Maths and Physics teachers are one aspect of encouraging young people into Engineering, although typically these teachers do not know about the whole range of career opportunities in Egineering and think, as the media does, that only Dyson and product design is engineering or, that it is the personwho repairs a washing machine . Most maths and physics teachers do not understand chemical engineering, environmental engineering, civil engineering, mechanical engineering, computer engineering and so on. Careers advice for engineering subjects is woeful. My DH was lucky enough, many years ago, to do an Engineering A level. He sailed through Y1 of university. Engineering in schools (Technology?) has been dumbed down so much that young people never get a real taste of what they could be doing. My DH also did an Architecture course whilst at school and has lessons at a university in their Engineering Department. No-one is remotely inspirational in schools regarding how to motivate young people to be Engineers. The curriculum is only geared towards academic maths and physics, or some sort of technical curriculum that does not prepare for rigorous Engineering courses at university.

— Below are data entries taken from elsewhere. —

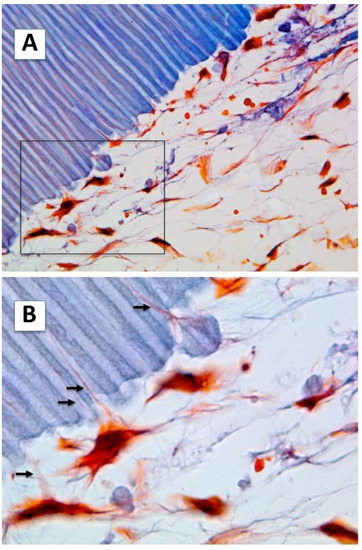 Human Dental Pulp Stem Cells Differentiate into Cementoid-Like ...
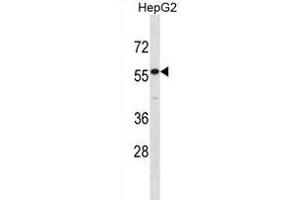 IL17RE Antibody (N-term) (ABIN1881455 and ABIN2838728) western blot analysis in HepG2 cell line lysates (35 μg/lane).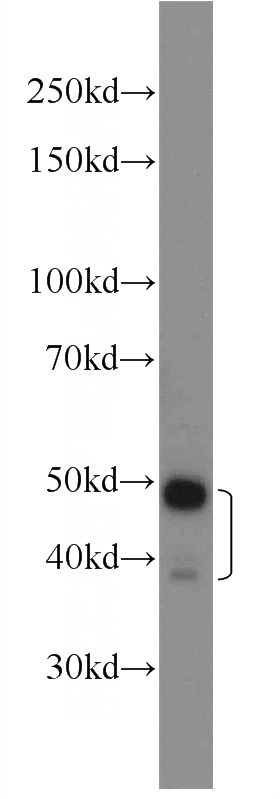 HeLa cells were subjected to SDS PAGE followed by western blot with Catalog No:114853(RSRC1 Antibody) at dilution of 1:1500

Also, graduates from the many of the top universities do not go into engineering jobs. They go into City jobs, in finance and managment consultancy. This exacerbates the shortage. Teaching, and not even fairly well paid graduate engineering jobs, cannot hope to steer them away from far more lucrative careers in the city. The truth is that lots of young people do not want to be Engineers because they do not know what the opportunities are and they are not stimulated at school into thinking about this career. No amount of maths teachers and physics teachers will change this unless society changes its views on the status of Engineers and engineering opportunities are the norm in schools.
I also think you really have to want to be an engineer and have the necessary skills and attributes, not just STEM subjects, but problem solving, taking things to peices, learning how to construct machines and buildings, understanding the issues that Engineers need to solve, etc. You really cannot persuade arts people to swap into engineering if their heart is not in it and it makes no difference as to who is teaching them!
Also lots of schools, and the public, do not understand that Chartered Engineers and Engineering graduates are not the people who fix your washing machine! We do not give respect to Chartered Engineers in this country and the pay for many is not fantastic after 5 or 10 years. It takes many more years to be a Chartered Engineer than it does a teacher, by the way. Both suffer from being perceived as less than glamorous and with capped earnings that do not match qualification and effort.
Rather long message and probably off topic - sorry!